Es reicht nicht mehr, auf ausländisches Kapital zu hoffen. Wenn Europa eigene Tech-Champions aufbauen will, muss es auch bereit sein, selbst in deren Zukunft zu investieren. Die geopolitischen Verschiebungen haben uns einen Weckruf geliefert – was wir daraus machen, liegt in unserer Hand.
Umso dringlicher ist die Frage: Wer springt ein, wenn internationale Investoren wegbleiben? Die Antwort liegt – zumindest teilweise – im Binnenmarkt. Wir müssen in Europa eigene Kapitalquellen mobilisieren. Gemeint sind vor allem institutionelle Investoren, die bislang kaum im Venture-Bereich aktiv sind. Wie ich in meiner letzten Kolumne geschrieben habe, braucht die Schweiz dringend neue Kapitalquellen, um ihre Position als Innovationsstandort zu festigen und auszubauen.
Gerade in einem Land, das für seine Innovationskraft bekannt ist, wäre es sinnvoll, einen Teil des institutionellen Kapitals in zukunftsträchtige Unternehmen zu lenken. Andernfalls droht die Gefahr, dass vielversprechende Start-ups ins Ausland abwandern und die Schweiz langfristig an Wettbewerbsfähigkeit verliert.

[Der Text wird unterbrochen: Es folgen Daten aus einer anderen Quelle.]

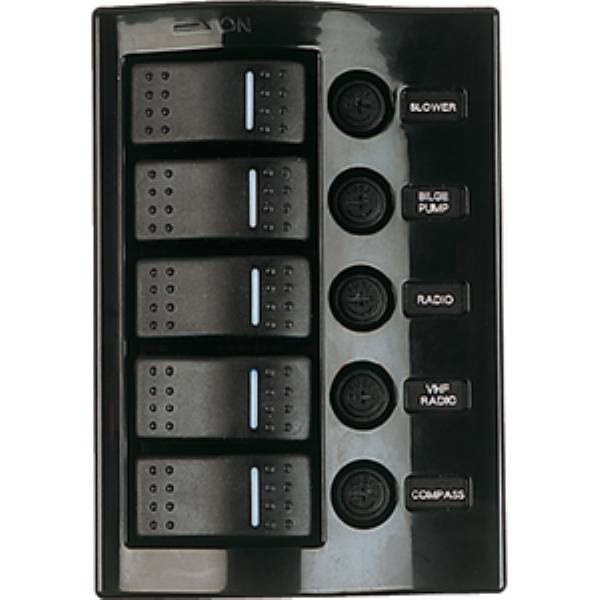 Buy Sea Dog Nylon Switch Panel-Vertical Online - 5-Gang Wave Rocker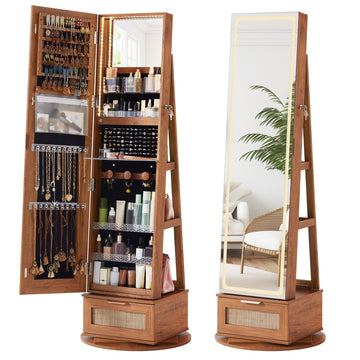 Rattan 360° Swivel Jewelry Armoire Standing with Full Length Mirror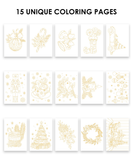 15 Sheets 140LB Holiday-Themed Watercolor Coloring Book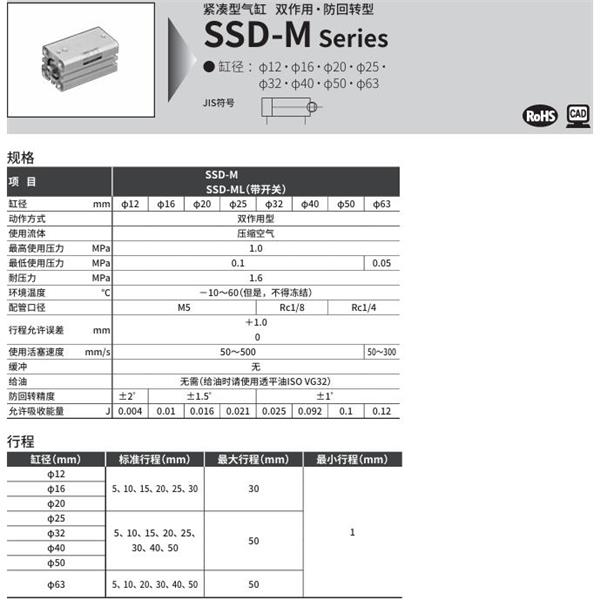 CKD喜開理超級緊湊型氣缸SSD-ML-40-5-T0H-R-N-LB-I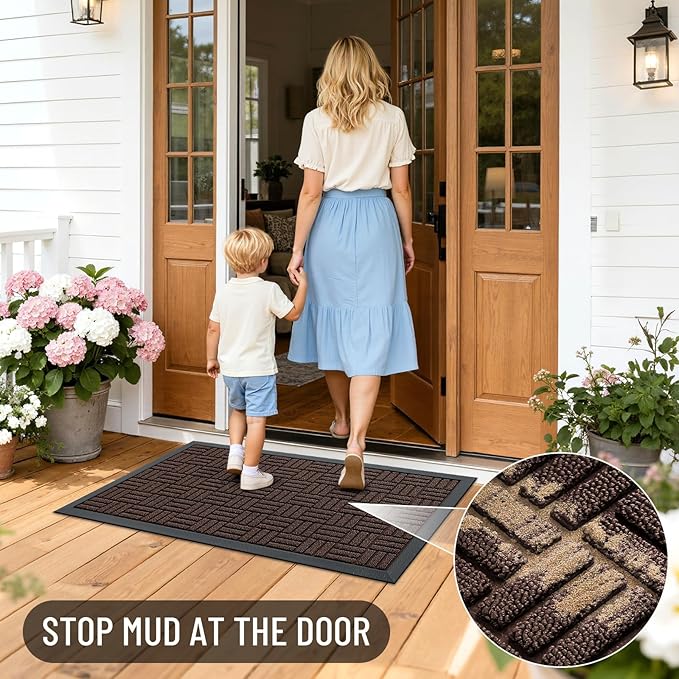 OLANLY Front Door Mat Outside Entrance 35x23, Absorbent, Heavy Duty Sturdy Natural Rubber Doormat Indoor Outdoor, Stain and Fade Resistant, Non-Slip Backing Low Profile Floor Mat for Entryway, Brown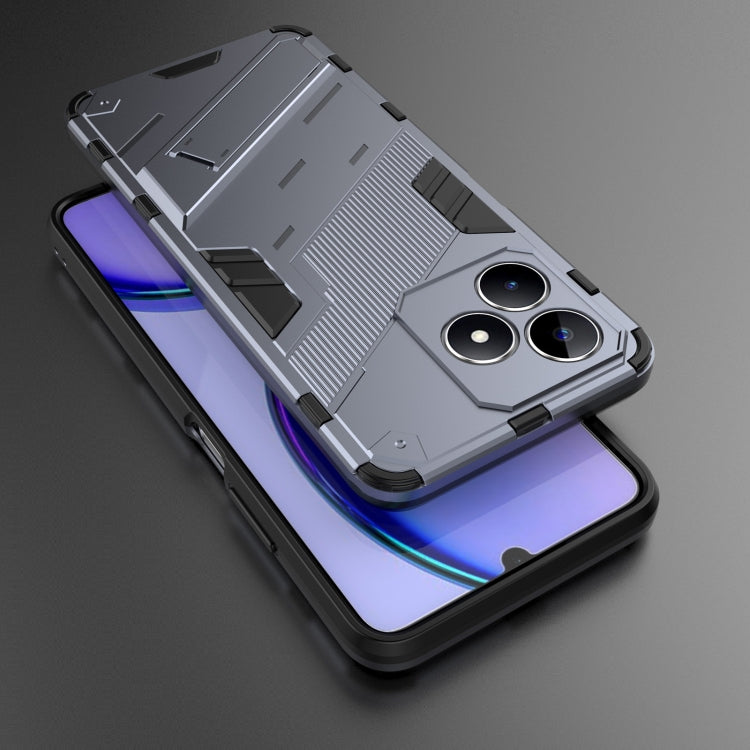 For Realme C53 4G Punk Armor 2 in 1 PC + TPU Phone Case with Holder(Grey) - Realme Cases by PMC Jewellery | Online Shopping South Africa | PMC Jewellery | Buy Now Pay Later Mobicred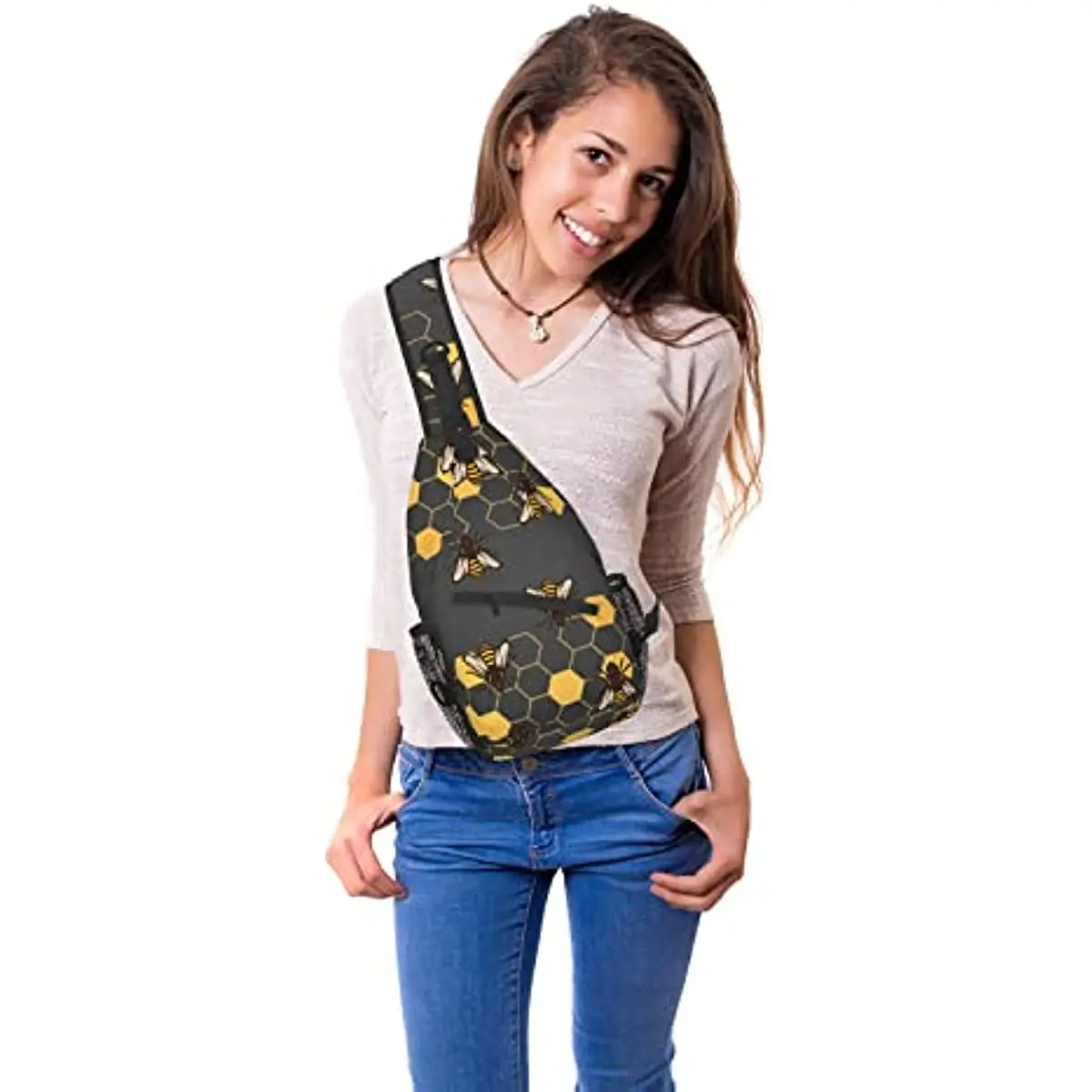 Bee Sling Bag Crossbody Travel senderismo Bags Mini mochila de pecho Casual Shoulder Daypack para mujeres y hombres, ligero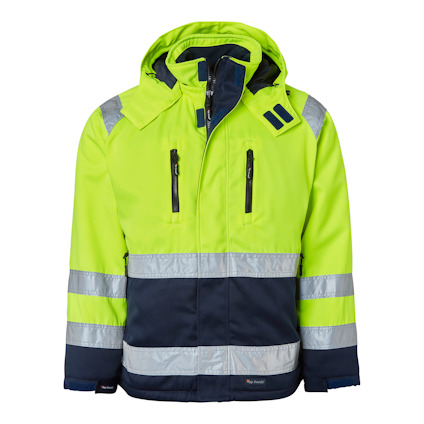 VINTERJACKA 131 HI-VIS VARSELGUL/MARINBLÅ XXL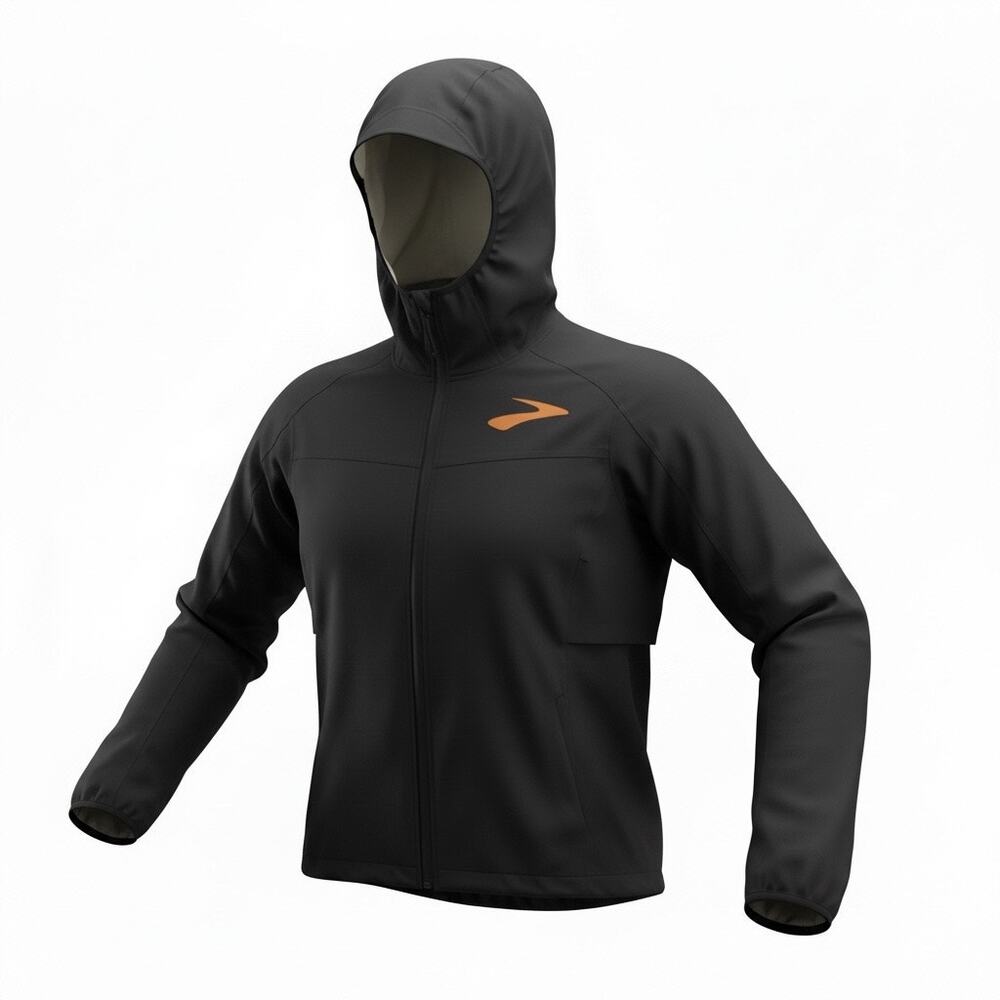Brooks Womens Black Trail Runners Lightweight Hooded Waterpfoof Jacket - Size M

Gerade weil der Standort Schweiz in den letzten Jahren an technologischer Tiefe und internationaler Strahlkraft gewonnen hat, wirkt das Fehlen von Kapital umso paradoxer. Die Talente sind da, die Infrastruktur ebenfalls – und doch droht der Aufschwung zu verpuffen, wenn die Anschlussfinanzierung nicht mithält. Die gestiegene Attraktivität schafft Erwartungen, die jetzt mit heimischen Ressourcen unterfüttert werden müssen. Denn wer global mitspielen will, darf sich nicht dauerhaft auf ausländisches Kapital verlassen – noch umso weniger in Zeiten geopolitischer Unsicherheit.
Es ist daher an der Zeit, die bestehenden Barrieren zu überdenken und gezielt Anreize zu schaffen, um Pensionskassen für Investitionen in den VC-Bereich zu gewinnen. Nur so kann die Schweiz sicherstellen, dass sie nicht nur Ideen hervorbringt, sondern auch deren erfolgreiche Umsetzung im eigenen Land unterstützt. Investor Steffen Wagner sagt dazu: «Wir pflanzen heute die Eichen, auf denen Europas Wirtschaft morgen stehen wird.»